The alleged perpetrator of the bloody attack in a Duisburg gym is suspected of having fatally injured a person days earlier. The 26-year-old Syrian suspect is accused of inflicting a significant number of stab and cut wounds on a victim on Easter Sunday, the Düsseldorf public prosecutor said. The victim died a few hours later.

After the evaluation of traces found at the crime scene and on the suspect’s shoes, there is now an urgent suspicion against him because of this act, the Düsseldorf public prosecutor explained in a statement. She therefore took over the investigation into the fatal attack on a 35-year-old on the night of Easter Sunday in Duisburg’s old town. The Mirror and the West German General Newspaper had previously reported on the result of the trace analysis.

Four people were seriously injured in the knife attack on the gym in mid-April. According to information from Wednesday, a 21-year-old was still in mortal danger. The 26-year-old suspect is in custody.

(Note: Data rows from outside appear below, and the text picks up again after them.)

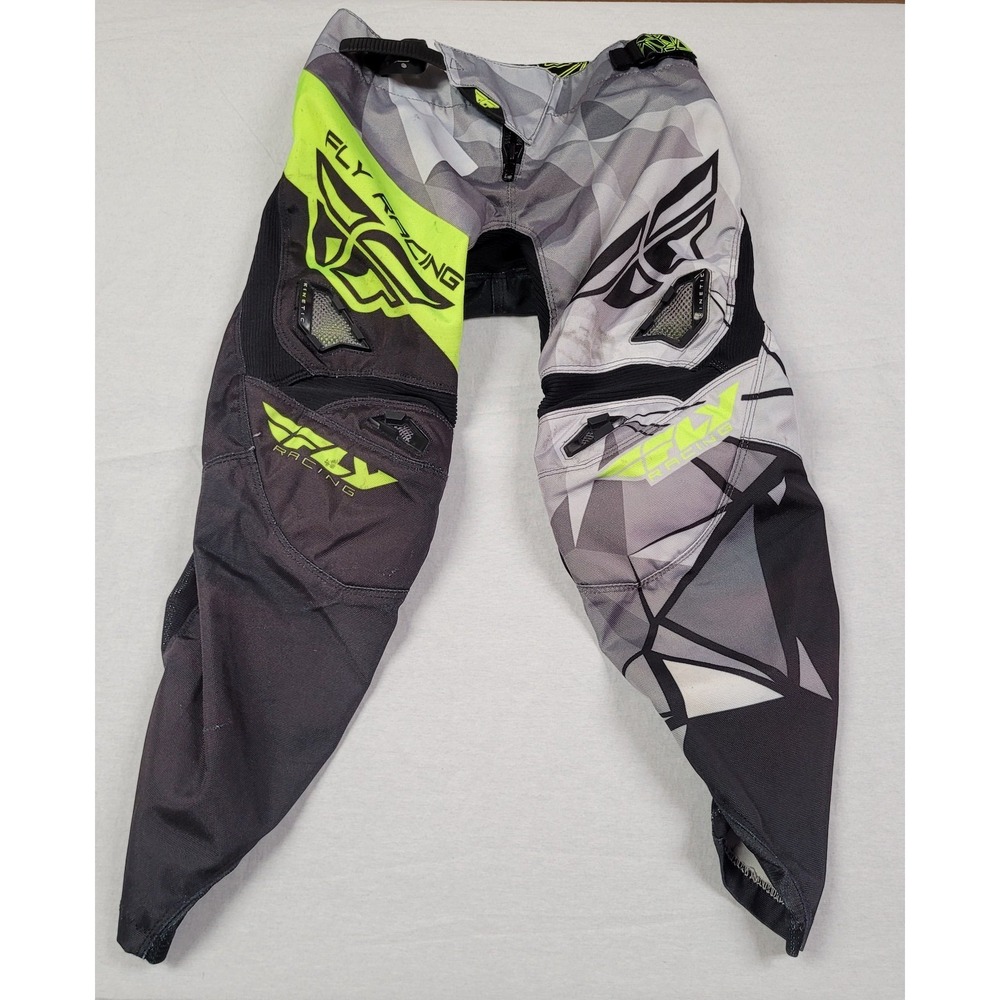 Fly Racing Kinetic Crux Pants Gray Black Yellow Youth Boy's Size 24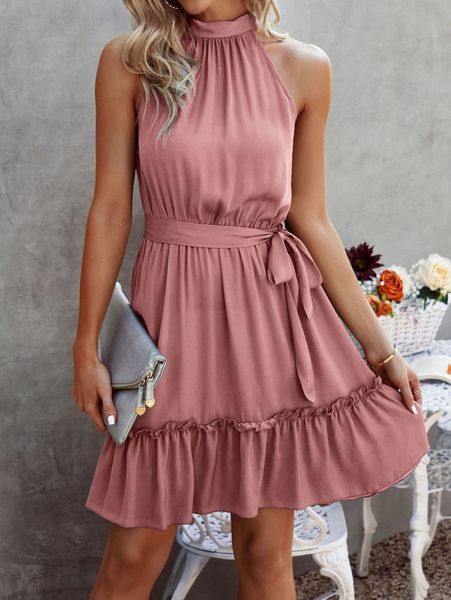 

tie back ruffle hem belted halter dress o2p7#, Black;gray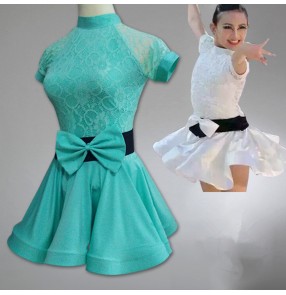 Turquoise white yellow royal blue lace patchwork short sleeves girls kids children gymnastics stage performance professional latin salsa cha cha dance dresses outfits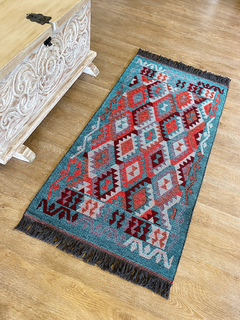 Tapete Kilim Diseño Antep 120x60 cm - Gobeklitepe Turquesa con naranja APM25900 (copia) (copia) (copia) (copia) (copia) (copia)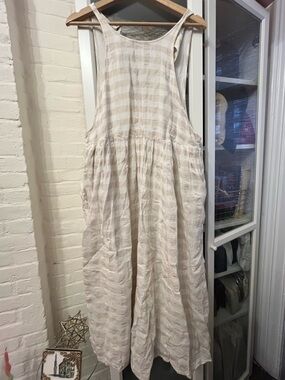 Kimchi Blue Lightweight Cream Striped Sleeveless Midi Dress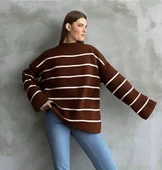 Çizgili ispanyol kol triko boğazlı kahve beyaz elf thumbnail 1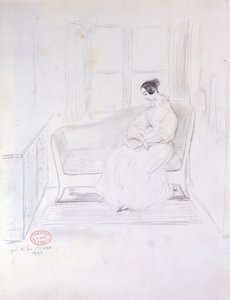 George Sand (1804-76), reading on a sofa beside a window, 1833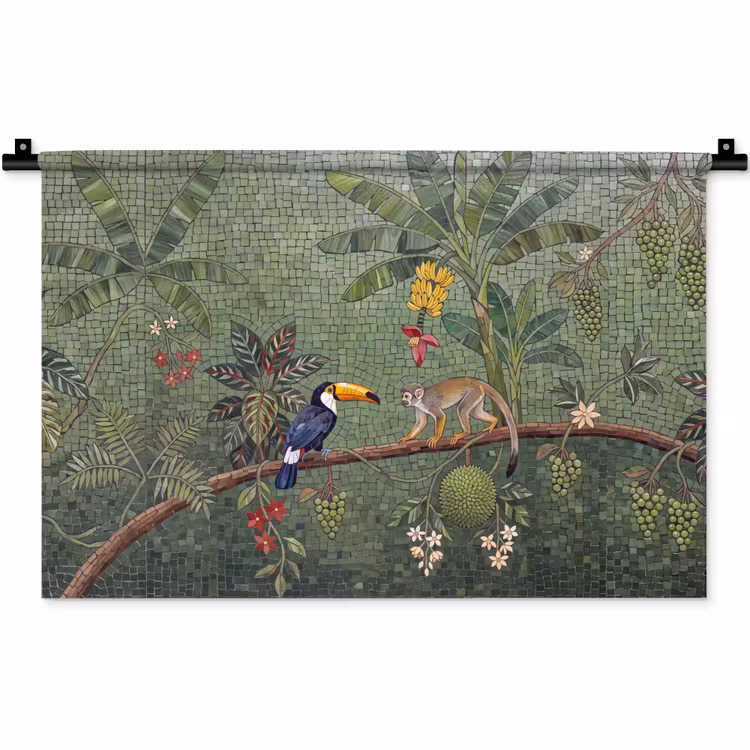 Vogel - Dier - Jungle - Mozaïek - Natuur Wandkleed katoen klein -zz3d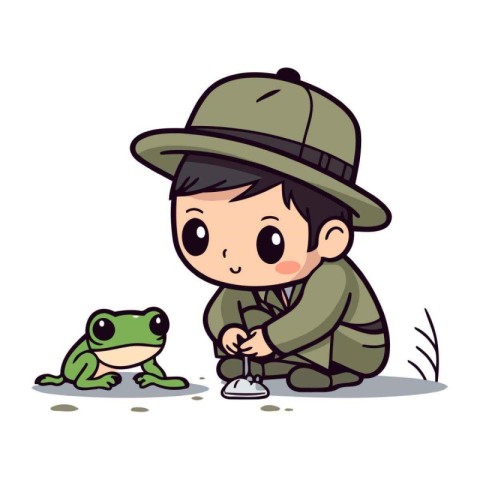 Cute little boy scout with frog and frog. Vector illustration.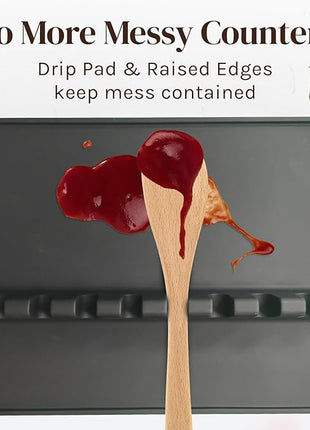 Black XL Silicone Spoon Rest for Stove Top with Drip Pad (1 Pack) - Heat-Resistant, BPA-Free Utensil Rest & Spoon Holder for Kitchen Counter - Grill Utensil Holder for Spatulas, Tongs, Ladles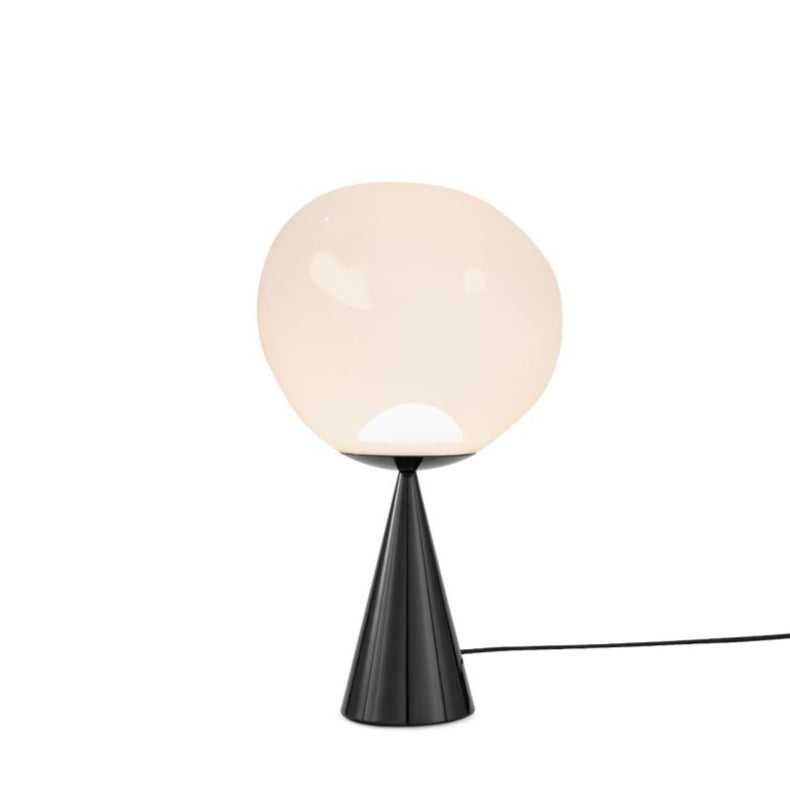 Melt opalescent table lamp with a black base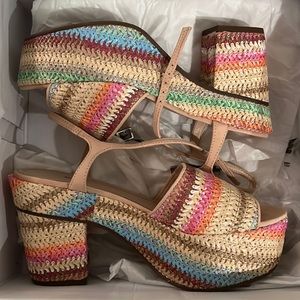 NEW- never worn ! Shutz color rattan wedge shoes 😍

Special police units arrested him on Sunday night after information from two of the man’s acquaintances in his Duisburg apartment near the gym.

On Tuesday, the investigators expressed the suspicion that the knife attack in the gym could have been a terrorist attack. There are indications of an Islamist motivation for the arrested person, said spokesman for the Düsseldorf public prosecutor’s office. This was the result of the analysis of the suspect’s mobile phone.

Reul: Suspect’s silence “untypical for an assassin”

The suspect himself is silent in custody. His alleged motives are therefore still unclear, said NRW Interior Minister Herbert Reul (CDU) in the North Rhine-Westphalian Interior Committee. The suspect’s silence is “atypical for an assassin who wants to classify his crime” and also for a gunman who, in his view, has nothing left to lose.

Texts and images found on the 26-year-old indicated at first glance an Islamist connection, said Reul. But even the act of committing a crime does not go with an attack or an amok act. The perpetrator did not stab at the entrance to the studio, but first went into the changing room. After that he calmly left the building and did not launch any further attacks.

According to earlier information from the police and public prosecutor’s office in Duisburg, the man had applied for asylum in Germany in April 2016. In 2018 he was noticed in two cases of minor property crimes. Both procedures have been discontinued.